The shopping center that Concerned Citizens is building with a private developer at Slauson and Central avenues will not only feature the only supermarket for miles in an area starved for major grocery chains, but as Tate sees it, serve as a source of civic pride -- proof that a community stigmatized by the riots and the daily carnage recorded on the police blotter has the will to better itself.
"It's not just a shopping center to us," Tate said. "We're going to bring goods and services to this community that have not been here before. We won't be the poor old South Central everybody wants to talk about."
However, the land the shopping center would be built on has been the site of a procession of polluting industries since the 1920s, including a plumbing shop and truck repair lot, and is crisscrossed by abandoned railroad tracks. Uncertainty over what contaminants might linger beneath the surface have complicated the construction process by driving up insurance and lending costs and leading to delays as a battery of environmental tests were performed on the site, according to city officials involved in the project.

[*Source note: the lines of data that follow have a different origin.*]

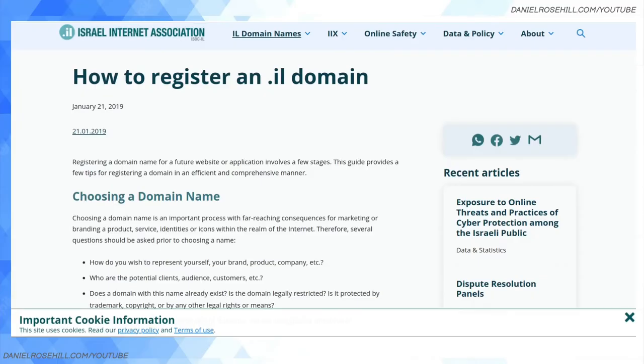Hey guys, welcome back to my YouTube channel. This is Daniel Rosal. For today's video, I want to cover how to register an Israeli domain name, relying on a guide prepared by the Israeli Internet Association. The Israeli domain name has two top-level domains in Israel — one is dot co dot il, which is the main TLD for Israeli websites.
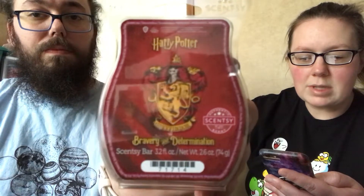First up is Gryffindor — that's the red one, Harry Potter's house. It represents bravery and determination. The description reads: race through daring, smoky woods while amber and a touch of dapper cinnamon leaf bring warmth to your journey.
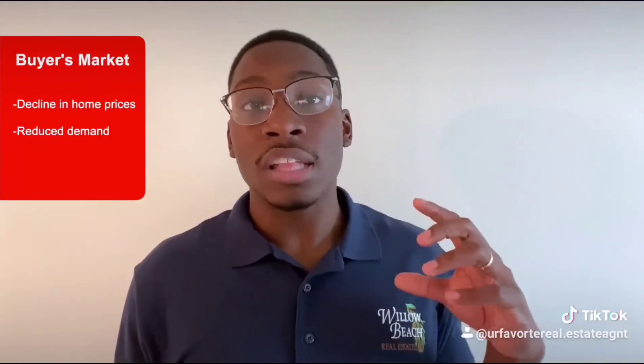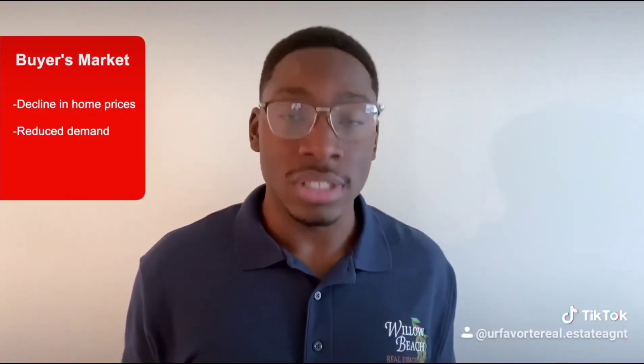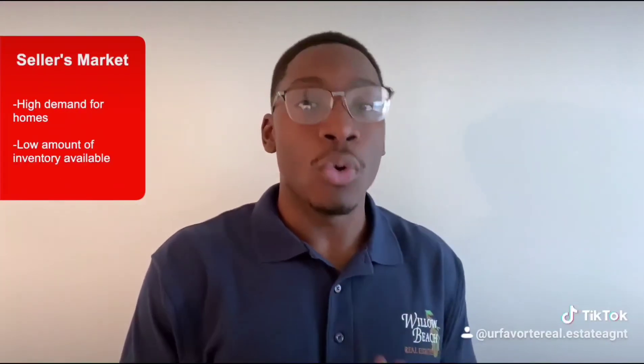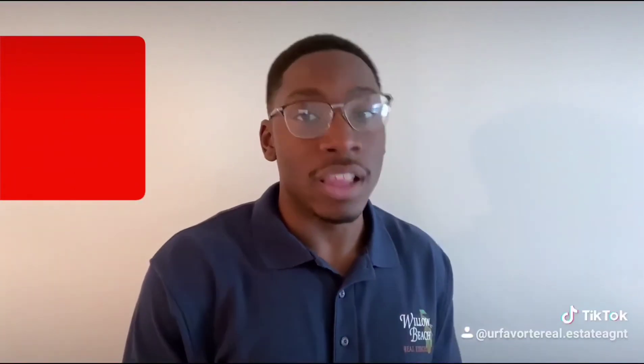With a buyer's market, it is characterized by a decline in home prices and reducing demand. A seller's market has high demand for homes and a lower amount of inventory available. If you have any other questions on what a seller's market or a buyer's market is, so that you can effectively make a great decision on either buying or selling your home, please feel free to contact me. My number is 757-637-0036.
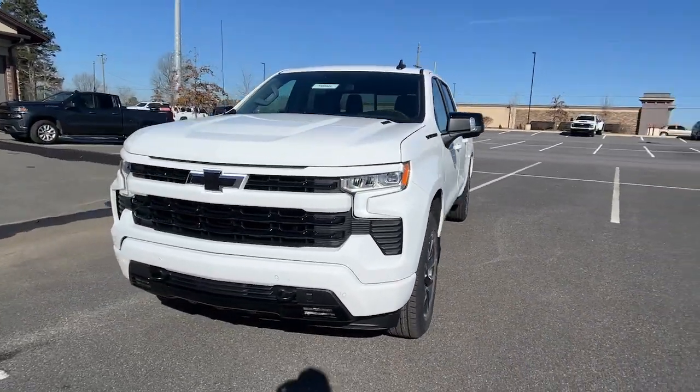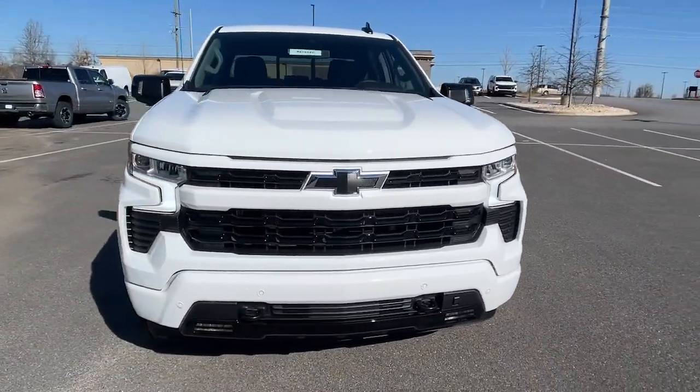You will be amazed by this. 2024 Chevrolet Silverado 1500.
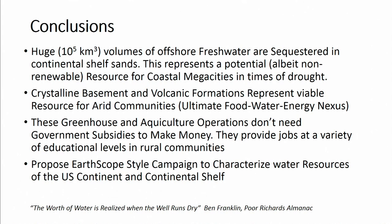To conclude: huge volumes of offshore freshwater are sequestered in continental shelf sands — a new resource potentially available to coastal megacities. Crystalline basement and volcanic formations represent a viable resource for arid southwestern communities; I call it the ultimate food, water, and energy nexus. These greenhouse operations pay for themselves — they have essentially free heat and sustainable water. An exciting future direction is using magnetotelluric surveys in an EarthScope-style campaign to look at deep flow systems and deep unconventional aquifers across the U.S. and continental shelf.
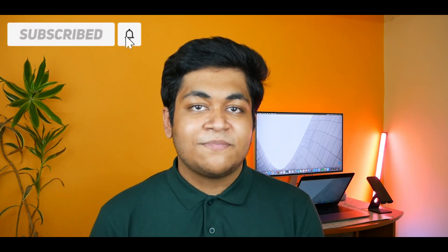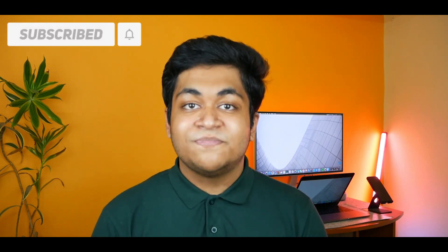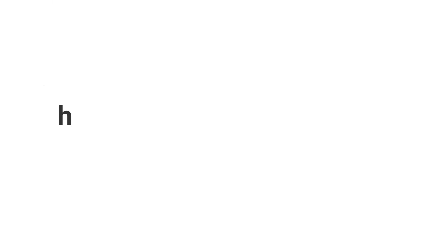I hope this video was a little bit helpful. Please don't forget to subscribe to the channel because it motivates me a lot to make more of this kind of videos. I will meet you with another beautiful video. Till then, peace.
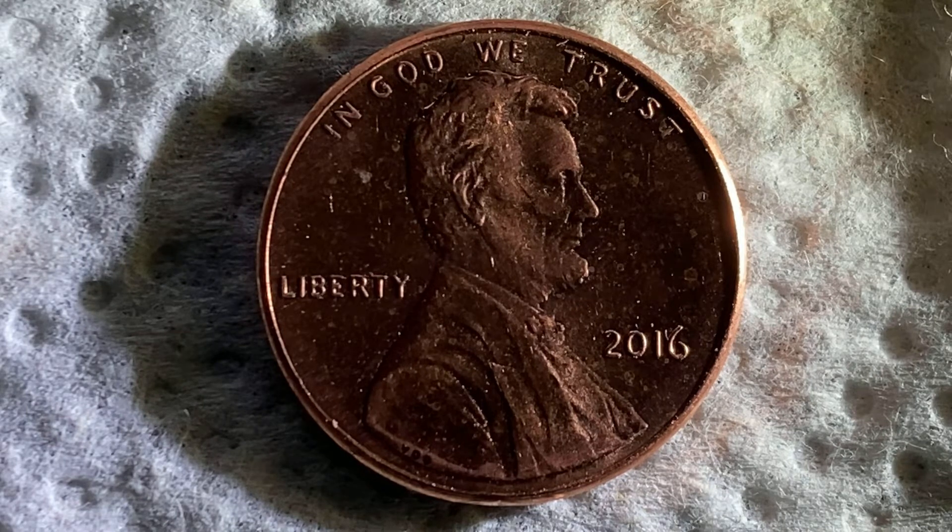So here's a 2016 Lincoln penny. The face value is one cent. The numismatic value is also one cent for one found in average circulated condition, but can be worth as much as 32 cents for one found in brilliant uncirculated mint state 65 condition as of August of 2021. Four billion, four hundred and twenty million, four hundred thousand were minted.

California has anywhere from 90,000 to 120,000 parcels with known or suspected pollution -- from former gas stations and dry cleaners to old oil fields and glue factories -- according to accepted estimates from the state treasurer and real estate groups. Like Tate's supermarket site, most are in older, poorer neighborhoods, where the profit margin on a successful redevelopment investment is often too small to cover the costs of an environmental cleanup without some form of government assistance.
Yet California is a decade behind most other states in formulating a comprehensive policy to treat contaminated properties and return them to productive use as new homes, parks and businesses. Gov. Arnold Schwarzenegger, who promised to help clean up brownfields during his successful campaign, is now facing pressure to begin crafting a solution.
"A lot of the Eastern states have been working for years to make it easier to clean up these sites. California has lagged behind," said Gregory Trimarche, a Los Angeles environmental attorney who has co-written a book on brownfields. "As a result, California is widely seen as the most difficult place to do a brownfields project. It is certainly the most expensive."
The financially strapped state lacks the cash to offer cities and developers incentives or loans to redevelop contaminated properties, a solution that all parties can agree on, and for the past five years, environmental groups and builders have clashed over another possible solution, a rewriting of the state's toxic cleanup rules.
Finding a way to stimulate cleanups by the private sector is crucial, experts say, because it would probably take hundreds of millions of dollars to treat all of the brownfield sites in the state. For example, the cost of cleaning up the site where Concerned Citizens wants to build a shopping center is now estimated at $768,000, according to city officials, which is actually far less than they had first feared.
"If the lowball estimate of 90,000 [brownfields] is accurate, there could never be enough public funding to cover this issue," said Rick Brausch of the California Environmental Protection Agency. "The goal has always been to leverage private investment."